今日もデートをしている。だが、帰らなければいけない時間だ。これ以上帰らないと、両親が心配する。それは、孝二もわかっている。孝二は両親と離れ、独り暮らしなので、帰らなくてもいいが、真菜子は家族と暮らしているので、そうはいかない。
「じゃあね、バイバーイ」
「バイバイ」
孝二と別れて、真菜子は家に向かった。家までは電車で20分、そこから徒歩で5分ぐらいだ。そんなに遠くはない。
真菜子は帰りの電車の中で、孝二の事を思い浮かべた。孝二と仲良くなって、いつかは結婚したいな。だけど、恋の事は、両親にはまだ秘密にしておきたい。どう言うかわからないから。
20分ほど走って、電車は真菜子の家の最寄り駅に着いた。真菜子はホームに降り立った。冬の冷たい風が吹く。真菜子は少し凍えた。早く家に帰って、温かくしたいな。

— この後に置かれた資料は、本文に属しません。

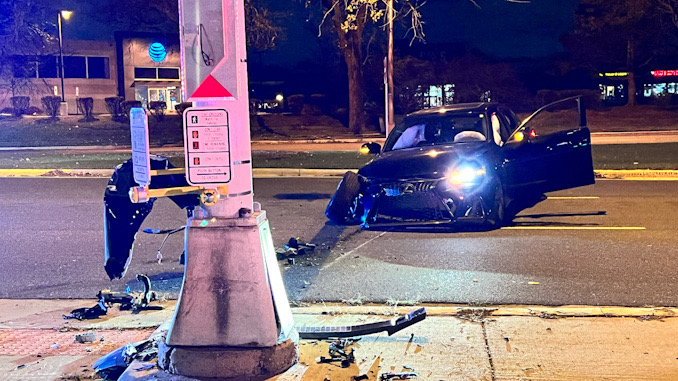 Black Lexus sedan with severe right, front damage after a crash with a traffic signal standard at Palatine Road and Rand Road in Arlington Heights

5分ほど歩いて、真菜子は家に帰ってきた。家は明かりがついている。まだ母は寝ていないようだ。
「ただいまー」
「お帰り、遅かったじゃないの」
真菜子が家に帰ってくると、母の声がした。いつもの声だ。
「バイト!」
だが、真菜子はアルバイトだと答える。本当はアルバイトなんてしていないのに。恋の事を話してはならない。
「そう・・・」
だが、母は疑わしいと思っていた。こんなに遅くまでアルバイトをするなんて、ありえないだろう。
「ごはん、もうできてるから、食べなさい」
「はーい」
手を洗った真菜子は、ダイニングにやって来た。テーブルの上にはカレーライスがあるが、カレーライスは冷めている。少し前に作って、そのままにしていたようだ。真菜子は何も言わずに、食べ始めた。
「そっか、バイトしてるの」
「うん」
母は嬉しそうだ。真菜子もこれからの事を考えて、頑張っているようで、とても嬉しい。きっといい大人になるだろうな。
「頑張ってね」
「わかった」
カレーライスを食べ終えた真菜子は、すぐに洗面所に向かった。歯を磨くようだ。夜遅くまで忙しくて、両親と話す時間が取れないようだ。そして、真菜子は独立していくんだろうか?
「おやすみ」
「おやすみ」
洗面所から戻って来た真菜子は、すぐに部屋に向かった。もう寝なくては。明日も高校だ。居眠りは許されない。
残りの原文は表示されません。